Some of the provisions in the new law covering reporting of the family courts are potential overkill, according to a judge.
The provisions detailed in Part II of the Children, Schools and Families Act 2010 passed in the wash-up period before the General Election have yet to be brought into force, however they brought a stern warning from Judge Patrick Moloney.
“I expect it was intended as a liberalising measure, but it has attracted flak from both sides,” he told delegates at the IBC-Reed Smith Protecting the Media conference.
The Ministry of Justice had recently said that it would be examining the provisions closely before taking any decision on their implementation.
The provisions posed problems, and could cause the media real difficulties, restricting reporting of family cases even more than the law does at present, the conference was told.
Moloney said: “Just to introduce a sort of frisson of fear in those of you who work in this field, let me give you one example of the bits of that, if they come in, will be less liberal and will pose a real threat to media reporting of these cases as we are at present used to it.
“You will recall that the old rules, particularly section 39 of the Children and Young Persons Act 1933, effectively provide that children are not to be identified, and their schools and addresses are not to be identified, as is anything else which will tend to identify them.
“The new Act, in the way of modern legislation, is a little more specific.
“It says you are not to give the name of the individual – it is mainly directed at children but could also be parents and other people – the name of the children, their title, pseudonym or alias, their address or locality, their appearance, their style of dress, their employment, their relationship with particular relatives, friends or acquaintances, their recreational interests, political, philosophical or religious beliefs, their property, real or personal.”

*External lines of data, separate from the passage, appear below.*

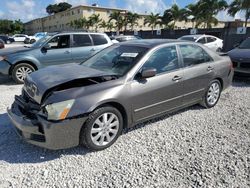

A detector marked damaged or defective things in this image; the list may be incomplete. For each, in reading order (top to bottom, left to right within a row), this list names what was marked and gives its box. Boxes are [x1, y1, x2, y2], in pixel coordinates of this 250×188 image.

crumpled hood [23, 63, 114, 104]
damaged front bumper [7, 94, 87, 151]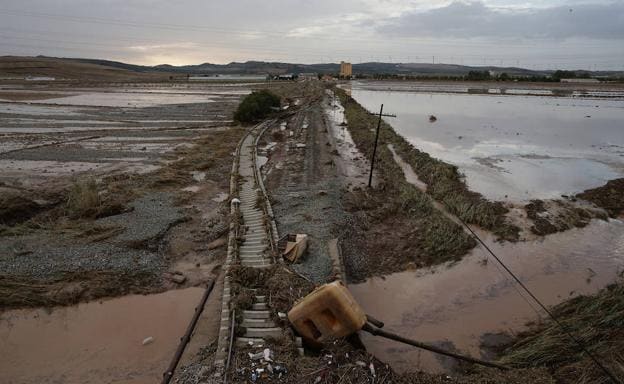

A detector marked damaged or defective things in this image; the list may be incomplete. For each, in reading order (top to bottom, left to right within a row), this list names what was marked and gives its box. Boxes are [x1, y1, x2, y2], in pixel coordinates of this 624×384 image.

damaged railroad tie [364, 322, 510, 370]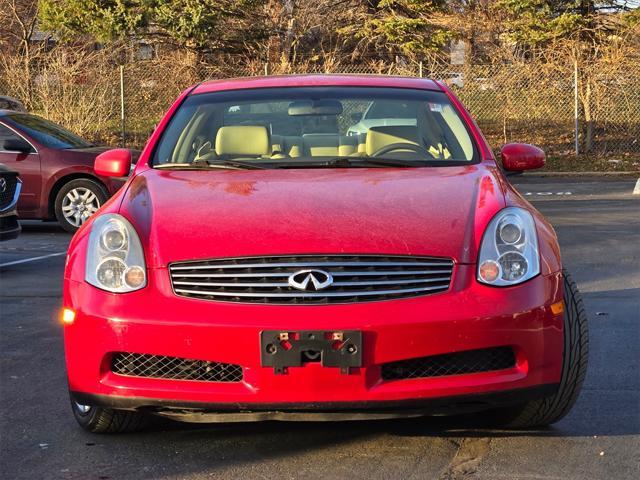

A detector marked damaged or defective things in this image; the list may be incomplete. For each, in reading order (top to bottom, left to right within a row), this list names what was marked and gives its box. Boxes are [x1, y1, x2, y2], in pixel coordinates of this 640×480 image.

missing license plate [258, 330, 360, 376]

He went on: “So, as you appreciate, you’re not to publish the political or philosophical views of a person even if they are otherwise unidentifiable.

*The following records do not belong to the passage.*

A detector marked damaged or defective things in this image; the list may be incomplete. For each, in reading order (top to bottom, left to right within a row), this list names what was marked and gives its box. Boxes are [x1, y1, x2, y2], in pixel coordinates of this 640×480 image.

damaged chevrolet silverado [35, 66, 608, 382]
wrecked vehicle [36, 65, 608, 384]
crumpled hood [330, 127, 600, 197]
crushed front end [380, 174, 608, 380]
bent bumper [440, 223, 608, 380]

“Apparently, this is to stop those features that we frequently see – stressed mother tells tale of how children were taken by social workers – which gives a fairly detailed account and says at the end that names and details have been changed.
“Potentially, if any of the facts in it are true, you might be in contempt, even if there cannot be identification, I suppose because the fact is that the more of these details you give the more likely it is that there really will be identification.
“That’s an example of potential overkill, I think one might say.
“At the moment the main thing I am going to say about this is that there is no need to worry about this at present, but keep an eye on it because if it comes into force those of you who are involved with media organisations are going to need to run some training courses pretty fast.”